10-100x slowdown on CPU after upgrade to KernelAbstractions 0.8 (due to type inference failure?) #2996

navidcy · 2023-03-22T00:28:42Z

I observe a discontinuous doubling of docs building time from 3 hours on

https://buildkite.com/clima/oceananigans/builds/9920#01862a69-61ee-4e59-82b4-5c4b4684e7b6

to 6 hours after "Merge pull request #2899 from CliMA/vc/ka_upgrade"

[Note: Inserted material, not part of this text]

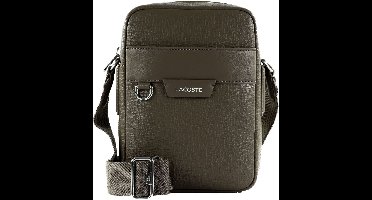 LACOSTE schoudertas Vertical Camera Bag Morel Taupe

https://buildkite.com/clima/oceananigans/builds/9935#01862d0c-e009-4a05-a8bb-023d1159a2ae

glwagner · 2023-03-23T01:24:10Z

I'm detecting also a massive slow down in model execution and out of control allocations on the CPU. Type inference failure? Unfortunate to find it this late after the PRs are merged.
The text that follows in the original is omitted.